In Middle Ages the Canon Episcopi was believed to be dated back to the Council of Ancyra in 314 e.v., probably because of a mistake in the interpretation made by Burchard of Worms at the beginning of 11th century, who maybe read a text of the Canon copied immediately before some of the dispositions of Ancyra’s Council. It was probably Burchard who added the name of Herodias and the final sentence "worse than a pagan". Actually the Canon is a Frank capitulary, according to what the historian Carlo Ginzburg says in his Ecstasies: deciphering the witches’ Sabbath, written by Regino, bishop of Prum. The church considered it valid for a long time, as it’s proved by its inclusion in some collection of following centuries: Burchard’s collection, the Decretum by Ivo of Chartres and the Decretum by Gratian, that some scholars consider the first codification of the coming canon law.

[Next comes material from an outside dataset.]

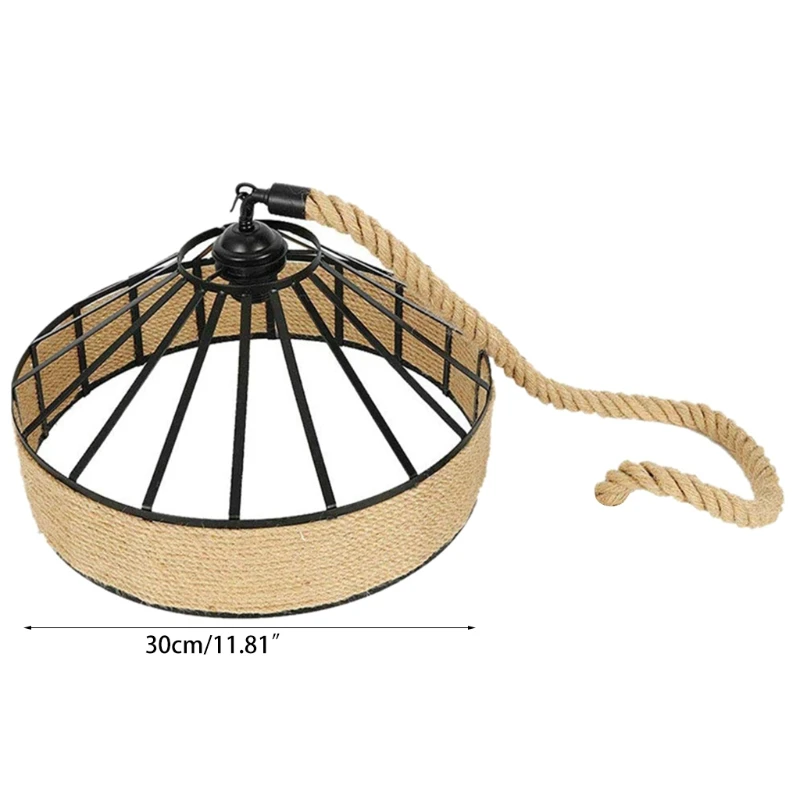 

Retro Industrial Iron Vintage Loft Chandelier Hanging Lamp Vintage Rope Pendant Lamp Ceiling Lamp, Rustic Hemp Rope Iron Candles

It seems that other texts before hint at "Diana’s society", so the Canon wouldn’t be the first to talk about it. But it’s certainly the first to centre the attention on the matter; it never uses the word "witch" and only centuries later Diana (or Hecate, or Herodias, or "the Lady of the Game") will be replaced by the devil. Of course the Canon can’t deny the work of the devil behind all this, but this work is limited to deception, to illusion. Women who believe to travel at the service of Diana are weak-minded people, whose poor faith allows the devil to deceive them, but they aren’t intentionally signing a deal with him. These women don’t cast curses: Diana’s society appears to play only a ludic role and it’s clear the Regino is fighting the last, maybe unconscious, rests of paganism.
The declaration that these gatherings of "witches" are just fantasy, must not lead us to think that witches weren’t condemned; in the Canon the condemnation appears to be limited to be out of the Grace of God and so to the banish from the parish, which we can consider a light sentence if compared with the death by stake sentence of following centuries, with the charge of heresy first and then of witchcraft, when ecclesiastics, popes and learned men will believe and try to demonstrate the reality of wicked actions of witches. The Canon Episcopi will become a support not only for those who continue to deny the reality of witch gatherings (the belief in them will be considered a heresy until about 13th-14th century), but also for those who will affirm this reality: they’ll simply say that what the Canon is talking about is not what they are persecuting.
Surely in the Canon we can find all the elements that will participate to the "diabolic sabbath" persecuted by the church: practices of divination and magic, the devil’s presence, the night fly riding certain animals, being at another entity’s service, the shapeshifting.